8. The method of claim 7 wherein the at least one gripping member
comprises at least one ceramic button.
9. The method of claim 8 wherein the at least one ceramic button
comprises a plurality of ceramic buttons.
10. The method of claim 7 wherein the at least one gripping member
cuts into an outer surface of the second downhole tool to prevent
the portion of the first downhole tool from spinning relative to
the second downhole tool when the portion of the first downhole
tool is engaged by the drill.
11. The method of claim 7 wherein the first downhole tool is a frac
plug.
12. A downhole tool for use in a wellbore comprising: a mandrel;
slip means disposed on the mandrel for engaging the wellbore when
the downhole tool is placed in a set position; and gripping means
disposed on the downhole tool; wherein the downhole tool is
comprised of a drillable material and wherein the gripping means
prevents any portion of the downhole tool that falls downwardly in
the wellbore, thereby engaging a downhole apparatus positioned in
the wellbore below the downhole tool, from spinning relative
thereto when the portion of the downhole tool is engaged by a drill
to drill the downhole tool out of the wellbore.

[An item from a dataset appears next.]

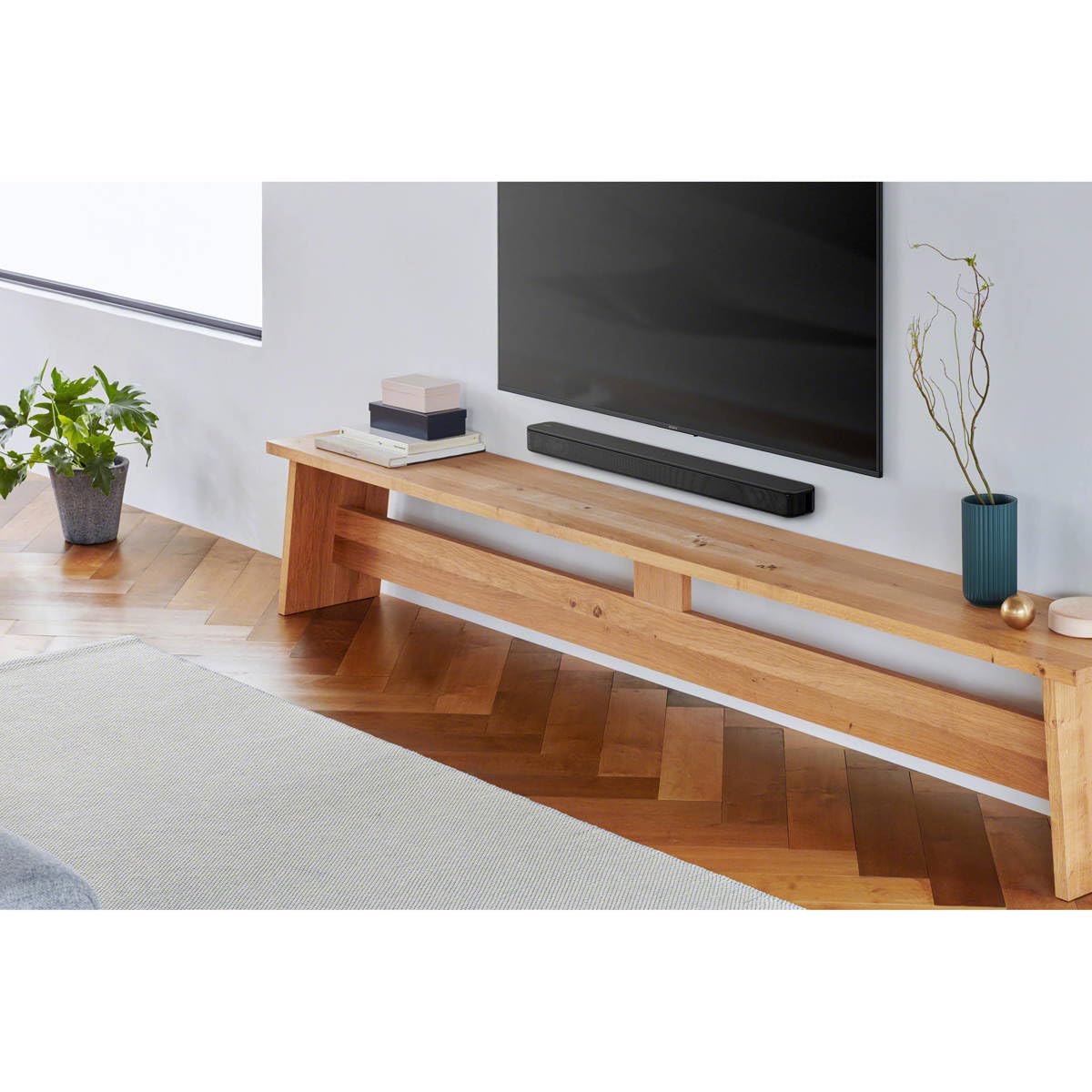 Barra de sonido Sony S100F de 2.0 canales con altavoz Bass Reflex, tweeter integrado y Bluetooth (HTS100F), fácil configuración, compacta, para uso en la oficina en casa con sonido claro, negro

13. The downhole tool of claim 12 wherein the gripping means
comprises at least one ceramic button.
14. The downhole tool of claim 13 wherein the at least one ceramic
button comprises a plurality of ceramic buttons.
15. The downhole tool of claim 12 wherein the gripping means cuts
into an outer surface of the downhole apparatus to prevent the
portion of the downhole tool that falls downwardly in the wellbore
from spinning relative to the downhole apparatus when the portion
of the downhole tool is engaged by the drill to drill the downhole
tool out of the wellbore.
16. The downhole tool of claim 12 wherein the downhole tool is a
frac plug.
17. The frac plug of claim 16 further comprising: sealing means
disposed about the mandrel for sealingly engaging the wellbore; and
a sealing ball operably associated with the frac plug so that the
sealing ball moves therewith as the frac plug is lowered into the
wellbore.
Description
BACKGROUND OF THE INVENTION
This invention relates generally to downhole tools for use in oil
and gas wellbores and methods of drilling such apparatus out of
wellbores, and more particularly, to such tools having drillable
components made from metallic or non-metallic materials, such as
soft steel, cast iron, engineering grade plastics and composite
materials. This invention relates particularly to downhole packers
and frac plugs.
In the drilling or reworking of oil wells, a great variety of
downhole tools are used. For example, but not by way of limitation,
it is often desirable to seal tubing or other pipe in the casing of
the well, such as when it is desired to pump cement or other slurry
down the tubing and force the slurry out into a formation. It thus
becomes necessary to seal the tubing with respect to the well
casing and to prevent the fluid pressure of the slurry from lifting
the tubing out of the well. Downhole tools referred to as packers
and bridge plugs are designed for these general purposes and are
well known in the art of producing oil and gas.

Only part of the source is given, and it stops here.